Right now my family and I are relocating from a house in a southern suburb of Copenhagen into a flat much closer to downtown. As there is a month in between where we haven’t a place of our own, we have rented a cottage (summerhouse) north of Copenhagen not far from Kronborg Castle, which is the scene of the famous Shakespeare play called Hamlet.
Therefore a data quality blog post inspired by Hamlet seems timely.
Though the feigned madness of Hamlet may be a good subject related to data quality, I will however instead take a closer data matching look at the name Hamlet.
Shakespeare’s Hamlet is inspired by an old Norse legend, but to me the name Hamlet doesn’t sound very Norse.
Nor does the same sounding name Amleth found in the immediate source being Saxo Grammaticus.
If Saxo’s source was a written source, it may have been from Irish monks in Gaelic alphabet as Amhlaoibh where Amhl=owl and aoi=ay and bh=v sounding just like the good old Norse name Olav or Olaf.
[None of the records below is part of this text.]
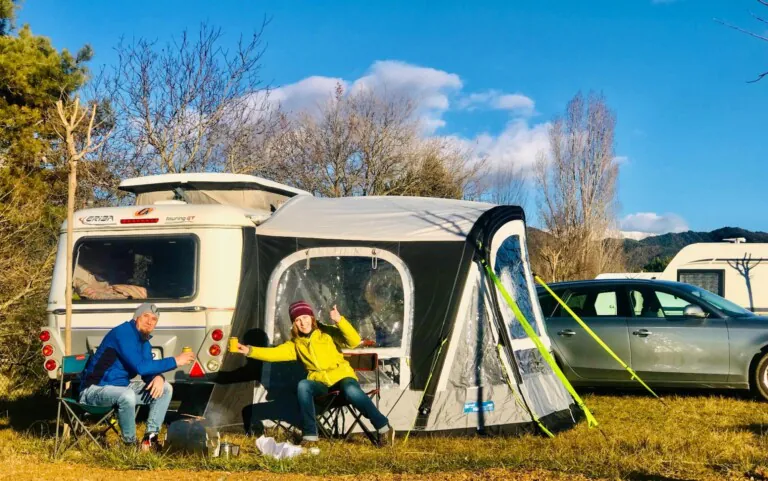 Ecocamping Rural 2 768x481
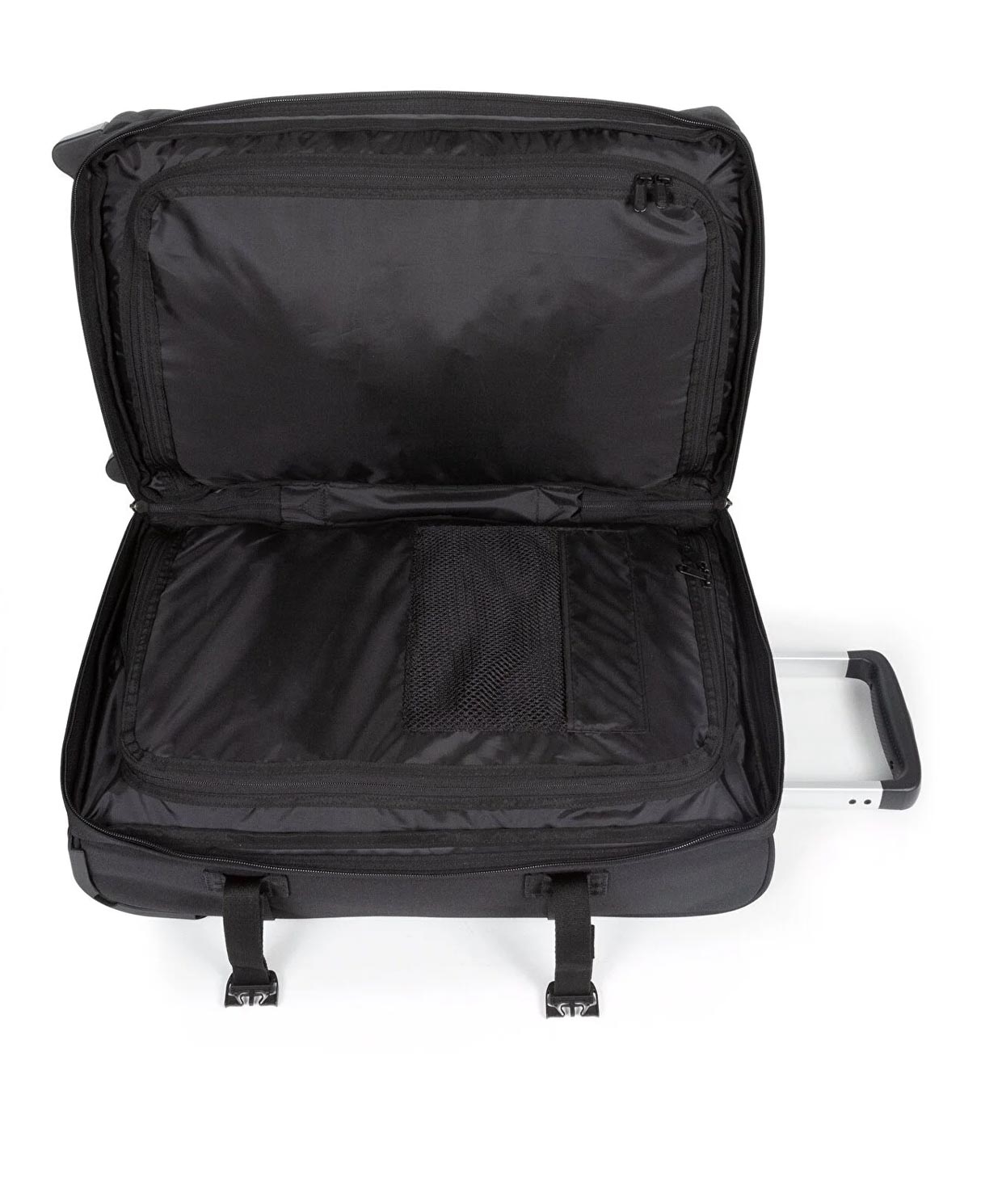 Eastpak Transit'R S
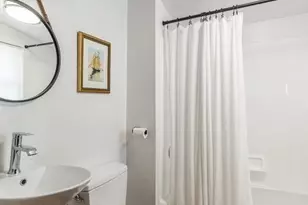 7 John Wise Ave, Essex, MA 01929 - Photo 31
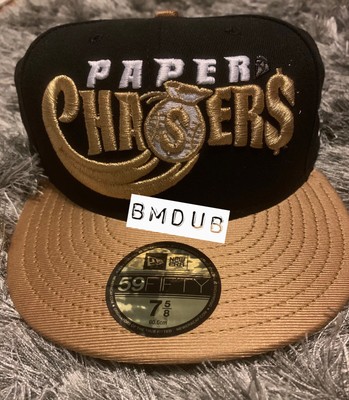 new era dream chaser hat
So, there is a possible track from Hamlet to Olaf.
Also today a fellow data quality blogger Graham Rhind posted a post called Robert the Carrot with the same issue. As Graham explains, we often see how data is changed through interfaces and in the end after passing through many interfaces doesn’t look at all as it was when first entered. There may be a good explanation for each transformation, but the end-to-end similarity is hard to guess when only comparing these two.
I have met that challenge in data matching often. An example will be if we have the following names living on the same address:
- Pegy Smith
- Peggy Smith
- Margaret Smith
A synonym based similarity (or standardization) will find that Margaret and Peggy are duplicates.
An edit distance similarity will find that Peggy and Pegy are duplicates,
A combined similarity algorithm will find that all three names belong to a single duplicate group.